Five teenagers from Northland branches across the region were honored in front of more than 140 people in the Great Lakes Ballroom at the Holiday Inn in downtown Duluth.
Cassie Mahlberg of the Lincoln Park branch was named the “Youth of the Year” and will move on to state competition later this year.
It was Mahlberg’s third try as a finalist and she was especially nervous this time because of the fancy digs at the hotel.
“It’s impressive,” she said of the grandeur of the event. “It made it even more scary.”
Dinner was had and Lt. Gov. Yvonne Prettner Solon spoke eloquently about the importance of the clubs and the youth who participate.
“When I heard this was going to be at the Holiday Inn, I started to freak out,” said Mahlberg, a sophomore at Denfeld High School.
Nyquist will take that as a compliment of the efforts of the five-person Leadership Duluth team that assisted in organizing the event. The Duluth Area Chamber of Commerce sponsors the annual program and Nyquist let her four team members know right away last fall that she would like to take on the community project of ramping up the spectacle of the annual Boys & Girls Clubs celebration.
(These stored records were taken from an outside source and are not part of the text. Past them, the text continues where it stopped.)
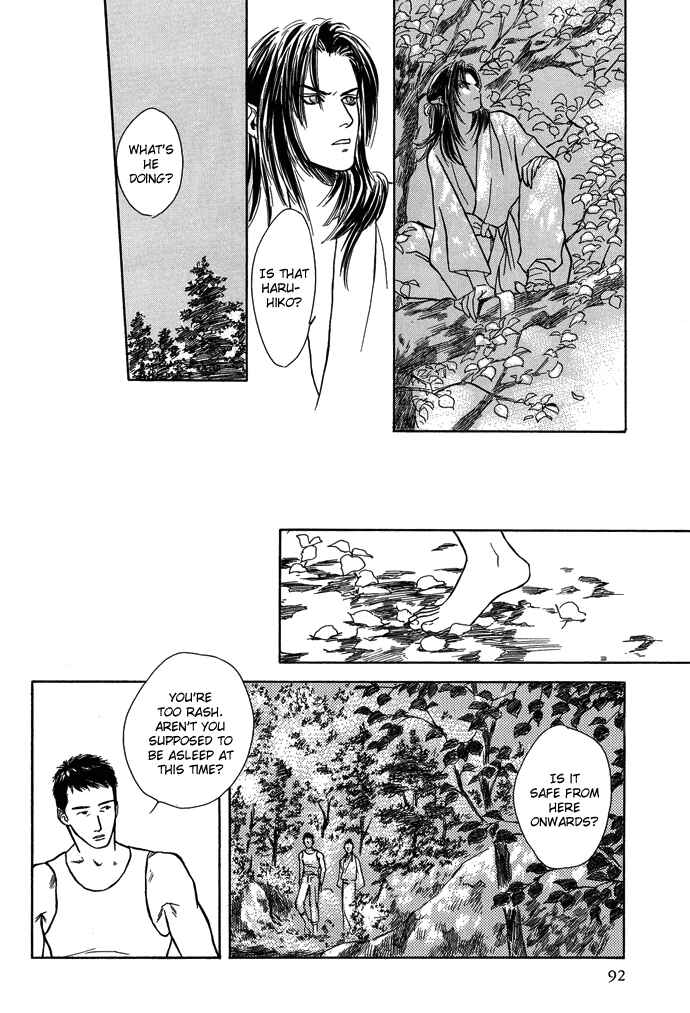 Page 13 Chapter 7 A Night of Moon & Water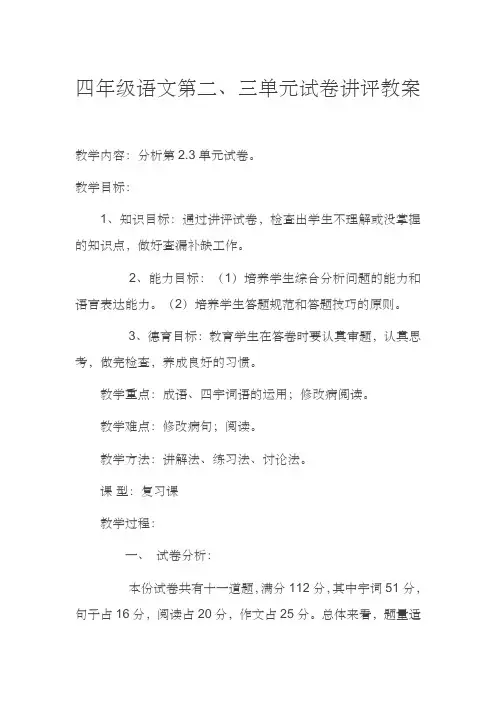 四语文第三单元试卷讲评教案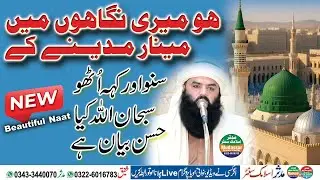 Ho meri nigahon mein minaar madine ke | new beautiful naat 2026 by molana ahmad hassan sajjid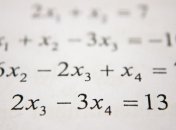 Правительство утвердило план года математического образования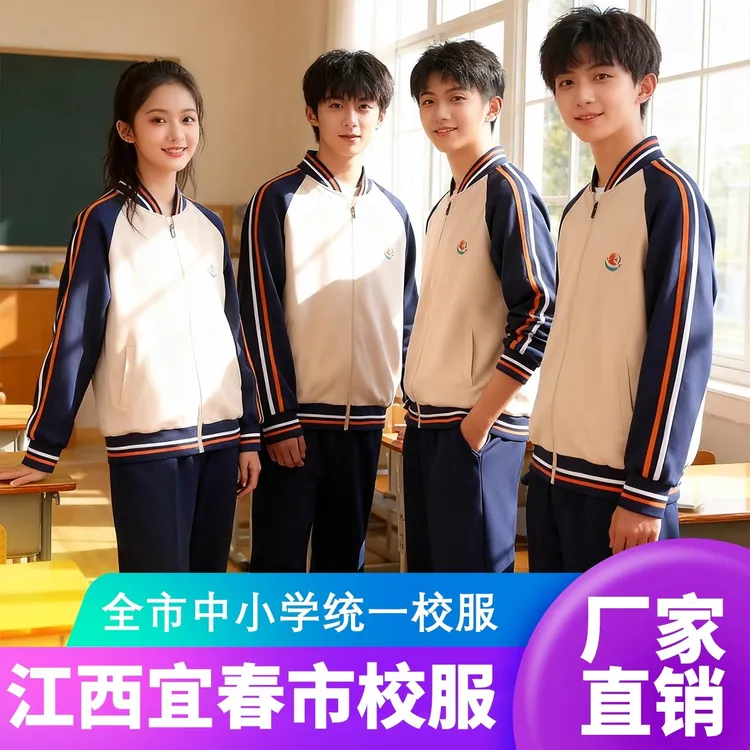 江西宜春市初高中学生春秋季统一样式校服男女生运动套装全新款式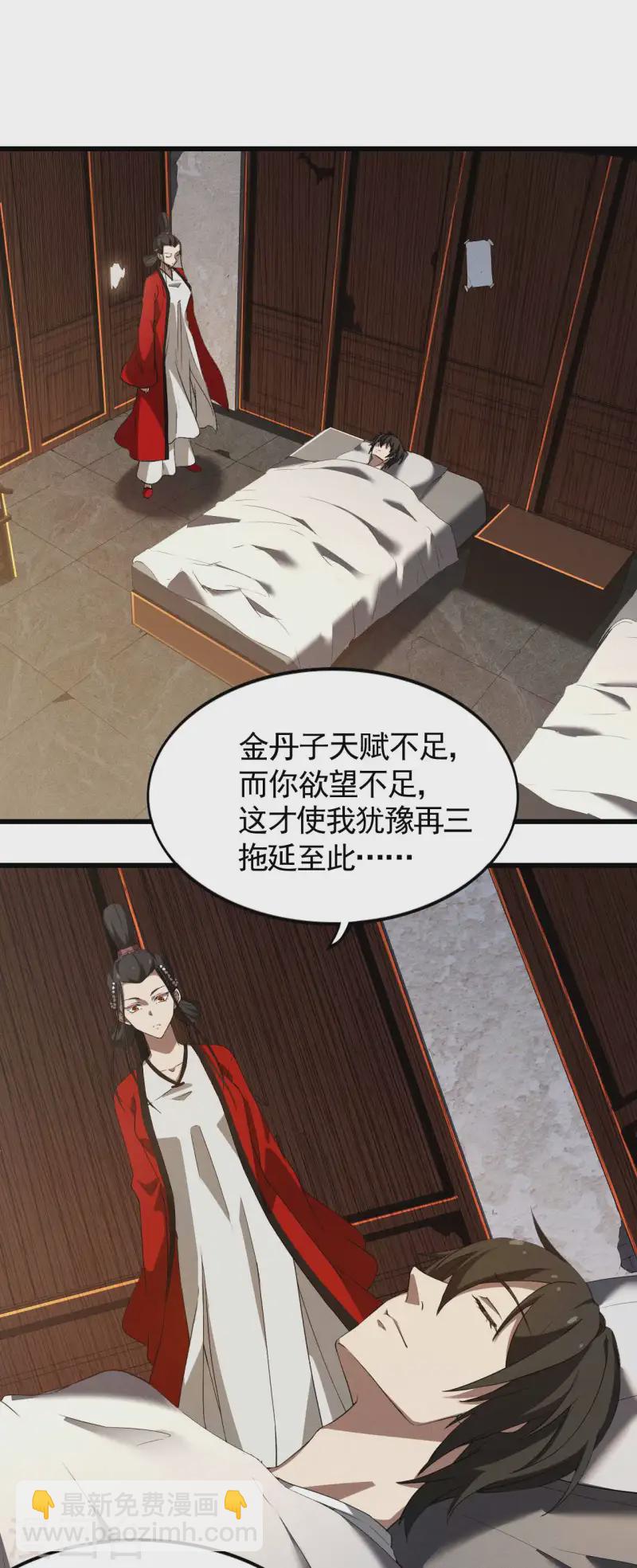 第109话 鬼宿后裔-第113话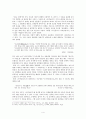 진보적 지식인 서포(西浦) 김만중 4페이지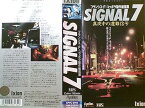 【中古】SIGNAL7~真夜中の遭難信号~ [VHS]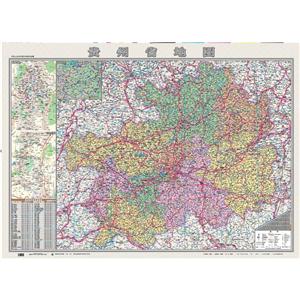 (2019版)贵州省地图(横版)/中华人民共和国分省地图系列-技术教育社区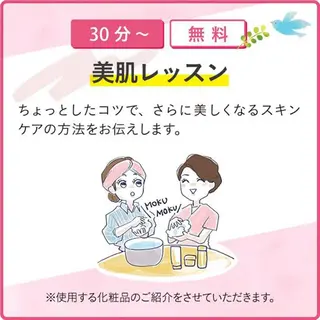 フェイシャルサロンメナード茜部野瀬店所属・メナード　茜部野瀬 長谷部のエステ・リラクイメージ
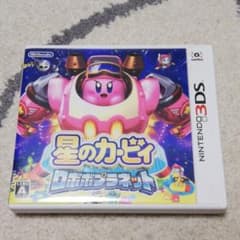 星のカービィ ロボボプラネットのサムネイル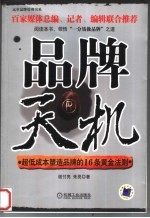 品牌天机  超低成本塑造品牌的16条黄金法则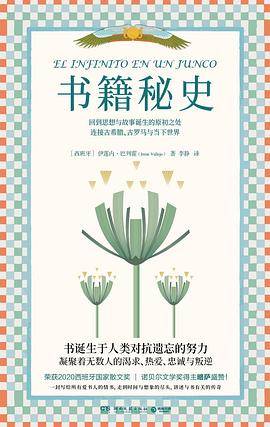 书籍秘史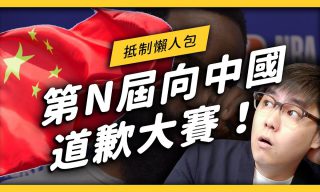 Read more about the article 【志祺七七 X 圖文不符】向中國道歉大賽開始 來看看做哪些事就要道歉？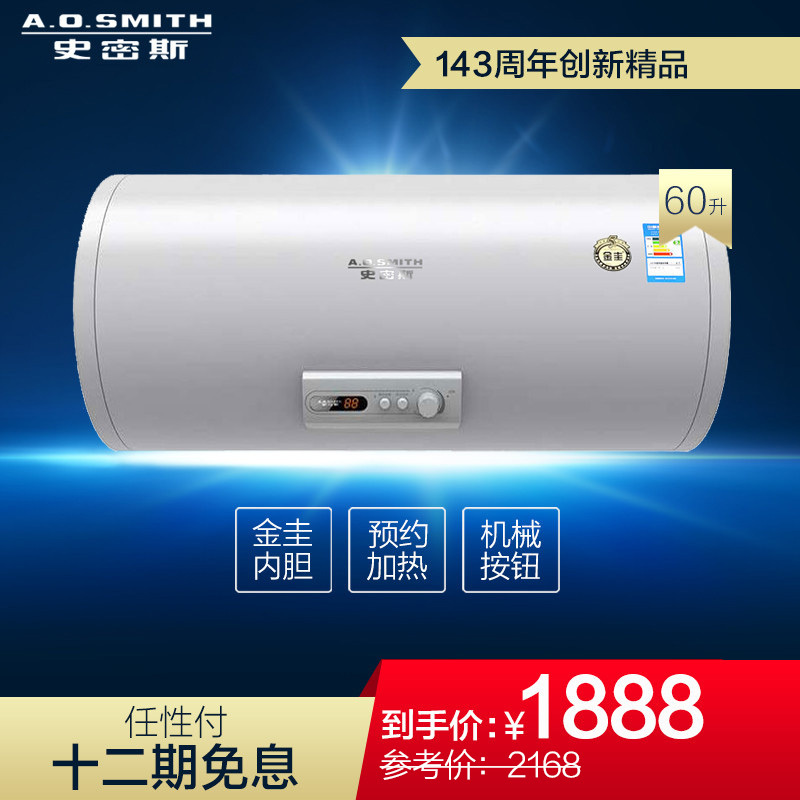 AO史密斯 60升电热水器 CEWH-60A1SB 单功率定时系列 60升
“They asked if we had any project ideas, and I went ‘A-ha, well I have one,’” Nyquist said.
“We wanted to make this a big event,” team member A.J. Axtell said.
She said the experience of gathering sponsors for the celebration and donations, along with working with the Boys & Girls Clubs members, was overwhelming.
“It’s just blown us away,” Nyquist said in agreement. “I’m a better person for it.”
If there was a theme to the evening, it was transformation. Each of the five candidates gave a speech, part of a series of judged events they were being scored on, that reflected hard times at home and better times at the club.
Mahlberg began her speech with a quote from Henry David Thoreau, about living the “life you imagined.”
She said she suffers from “back and brain strain” as she takes care of family at home and academics at school.
“I often feel like I am the caretaker of adults,” she said.
The Boys & Girls Club offered her respite — a place to study and to find a path for life.
“I found my confidence and am well on my way to the life I imagined,” she said.
Denfeld classmate Jordan McMillian was also a finalist. He spoke of sharing a small house in North Carolina with siblings and fighting to find his own space. But that was nothing compared to ending up homeless.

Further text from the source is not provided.